La propiedad llegaba hasta el pie de las colinas, donde había puestos de observación. Dorothy ignoraba que el lugar se había expandido hasta alcanzar una superficie de doscientas cuarenta hectáreas. Fuera del edificio central, localizado sobre el antiguo casco —que también había sido agrandado con nuevos bloques—, se despejaron campos de tiro y entrenamiento disimulados cuidadosamente a la detección de eventuales inspecciones aéreas. Las pocas construcciones rodeadas de verjas o matorrales parecían establos. Pero debajo de esos establos existía una suerte de ciudad subterránea que Dorothy nunca conocería. Se bajaba por espaciosos montacargas. Varios túneles comunicaban grandes espacios con adecuada ventilación. Una sala concentraba armas y municiones, en otra se ordenaba la documentación y una tercera se dedicaba a la comunicación por vía satélite. Cada sección estaba a cargo de un jefe, ayudado por asistentes rotativos, que debía informar en forma directa al reverendo. El trabajo empezaba luego de la oración matutina y debía interrumpirse para la catequesis de la tarde. Disponían de café, bebidas y sándwiches a discreción.

Los documentos acumulados y procesados servían para hacer el seguimiento de las actividades que cumplían las organizaciones con las que existía alguna semejanza, aunque no tuvieran contactos directos con ellas. Había carpetas, fotografías y disquetes sobre la Resistencia Blanco-Aria, la Alianza Nacional, el Instituto para el Movimiento Histórico, el Comité de los Estados, la Liga para la Defensa de los Patriotas Cristianos, los Extremistas de Internet, los Caballeros del Ku Klux Klan, el Posse Comitatus, el Grupo de Acción-SS, el Nuevo Orden y el Pacto, Espada y Ejército del Señor.

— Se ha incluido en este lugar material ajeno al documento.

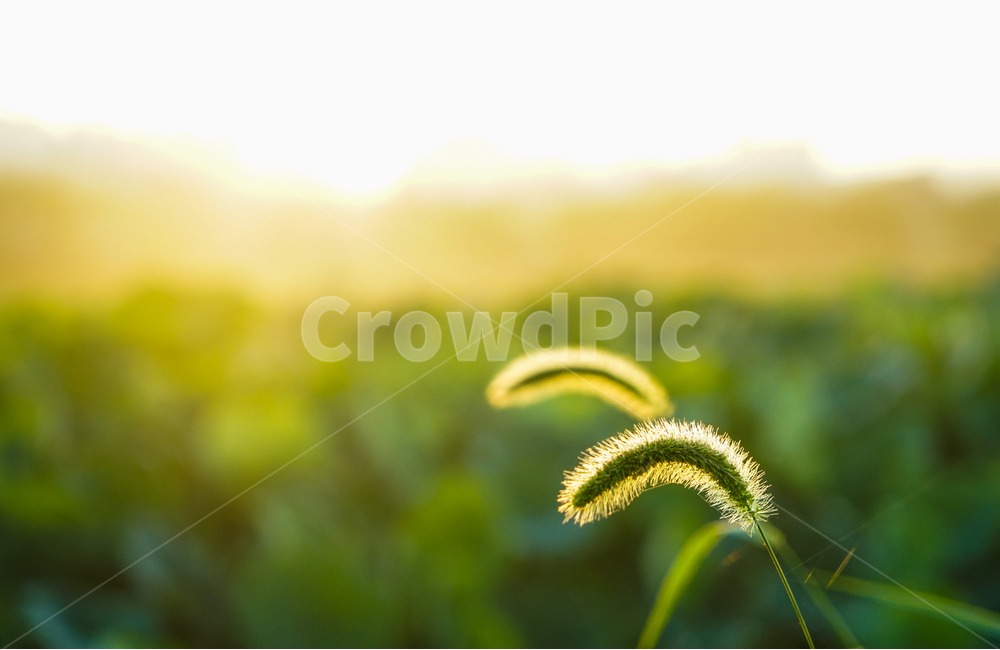 강아지풀,풀,꽃,풀꽃,강아지풀꽃,야생,자연,들풀,식물,자연,plants,nature,감성,sensible,feeling,휴식,힐링,rest,relaxation,healing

El objetivo de la comunidad Héroes del Apocalipsis consideraba que esas organizaciones podrían colaborar en algunas etapas de la guerra inminente, pero el liderazgo no sería de ellas. La ardua y peligrosa faena que comandaba Bill Hughes ya proveía frutos grandiosos y el Señor apreciaría su obra por sobre la de los aliados circunstanciales.

Dorothy calculó que hacía entre veinte y veinticinco años que no veía ni a su hermano ni a su amiga. Hasta le costaba medir el tiempo. ¿Descubrirían, antes incluso de que ella abriera la boca, que en Buenos Aires la felicidad había durado poco y su marido la había transformado en una despreciable “operadora sexual”? Mejor que no; de lo contrario no darían crédito a su confesión y tampoco sabrían cómo ayudarla. Se restregó las manos para quitarles el temblor. Volvió a abrir su cartera y extrajo los adminículos de maquillaje. El espejo le devolvió una cara horrible. Se espolvoreó las mejillas irritadas, delineó las cejas, estiró las pestañas y se pintó los labios. Pidió un vaso de agua.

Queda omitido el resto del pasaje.